Lorsque la situation se stabilise, chacun se rend compte et que,
si des généraux syriens ont par le passé pillé le pays, le
départ de l’armée syrienne ne change rien économiquement.
Surtout, le pays est en danger, il n’a plus les moyens de se
défendre face à l’expansionnisme du voisin israélien. Le
principal leader « anti-syrien », le général Michel Aoun, se
ravise et passe dans l’opposition. Furieux, Washington multiplie
les projets pour l’assassiner. Michel Aoun s’allie au Hezbollah
autour d’une plate-forme patriotique. Il était temps : Israël
attaque.
Dans tous les cas, Washington prépare à l’avance le
gouvernement « démocratique », ce qui confirme bien qu’il s’agit
d’un coup d’État déguisé. La composition de la nouvelle équipe
est gardée secrète le plus longtemps possible. C’est pourquoi la
désignation du bouc-émissaire se fait sans jamais évoquer
d’alternative politique.
En Serbie, les jeunes « révolutionnaires » pro-US ont choisi
un logo appartenant à l’imaginaire communiste (le poing levé)
pour masquer leur subordination aux États-Unis. Ils ont pris
comme slogan « Il est fini ! », fédérant ainsi les mécontents
contre la personnalité de Slobodan Milosevic qu’ils ont rendu
responsable des bombardements du pays pourtant effectués par
l’OTAN. Ce modèle a été dupliqué en nombre, par exemple le
groupe Pora ! en Ukraine, ou Zubr en Biélorussie.
Une non-violence de façade
Les communicants du département d’État veillent à l’image
non-violente des « révolutions colorées ». Toutes mettent en
avant les théories de Gene Sharp, fondateur de l’Albert Einstein
Institution. Or, la non-violence est une méthode de combat
destinée à convaincre le pouvoir de changer de politique. Pour
qu’une minorité s’empare du pouvoir et l’exerce, il lui faut
toujours, à un moment ou à une autre, utiliser la violence. Et
toutes les « révolutions colorées » l’ont fait.

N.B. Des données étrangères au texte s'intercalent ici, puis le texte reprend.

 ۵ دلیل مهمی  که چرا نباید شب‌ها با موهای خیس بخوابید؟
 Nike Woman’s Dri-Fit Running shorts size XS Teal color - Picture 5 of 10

S rdja Popovic (à gauche), leader serbe du mouvement
Otpor, Gene Sharp, fondateur de l’Albert Einstein Institution
(au centre) et son adjoint le colonel Robert Helvey, doyen de
l’École de formation des attachés militaires d’ambassade.
En 2000, alors que le mandat du président Slobodan Milosevic
courait encore pour un an, il convoqua des élections anticipées.
Lui-même et son principal opposant, Vojislav Koštunica, se
retrouvèrent en ballotage. Sans attendre le second tour de
scrutin, l’opposition cria à la fraude et descendit dans la rue.
Des milliers de manifestants affluèrent vers la capitale, dont
les mineurs de Kolubara. Leurs journées de travail étaient
indirectement payées par la NED, sans qu’ils aient conscience
d’être rémunérés par les États-Unis. La pression de la
manifestation étant insuffisante, les mineurs attaquèrent des
bâtiments publics avec des bulldozers qu’ils avaient acheminé
avec eux, d’où le nom de « révolution des bulldozers ».
Dans le cas où la tension s’éternise et que des
contre-manifestations s’organisent, la seule solution pour
Washington est de plonger le pays dans le chaos. Des agents
provocateurs sont alors postés dans les deux camps qui tirent
sur la foule. Chaque partie peut constater que ceux d’en face
ont tiré alors qu’ils s’avançaient pacifiquement. L’affrontement
se généralise.
En 2002, la bourgeoisie de Caracas descend dans la rue pour
conspuer la politique sociale du président Hugo Chavez [11].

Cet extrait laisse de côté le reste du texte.